***** Source data *****
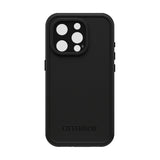 Otterbox Fre MagSafe CaseFor iPhone 15 Pro - Black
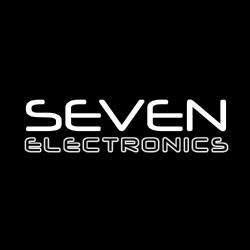 Seven Electronics Medrano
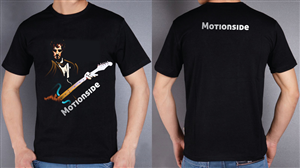 T-shirt Design by Sbss for this project | Design: #1165920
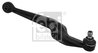 Brat suspensie Febi Bilstein 10127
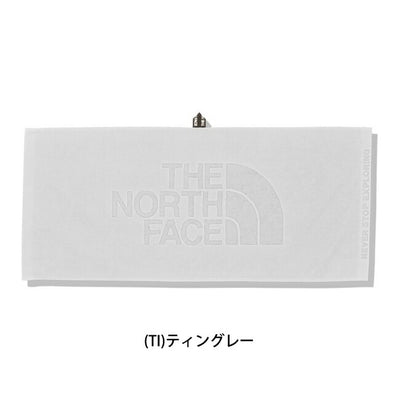 THE NORTH FACE ザ・ノース・フェイス Comfort Cotton Towel M コンフォートコットンタオル NN22101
*****
__Try it__. Repeat each record verbatim, pictures excluded.

__Result of the task__.
 Otterbox Fre MagSafe CaseFor iPhone 15 Pro - Black
 Seven Electronics Medrano
 T-shirt Design by Sbss for this project | Design: #1165920
 Brat suspensie Febi Bilstein 10127
 THE NORTH FACE ザ・ノース・フェイス Comfort Cotton Towel M コンフォートコットンタオル NN22101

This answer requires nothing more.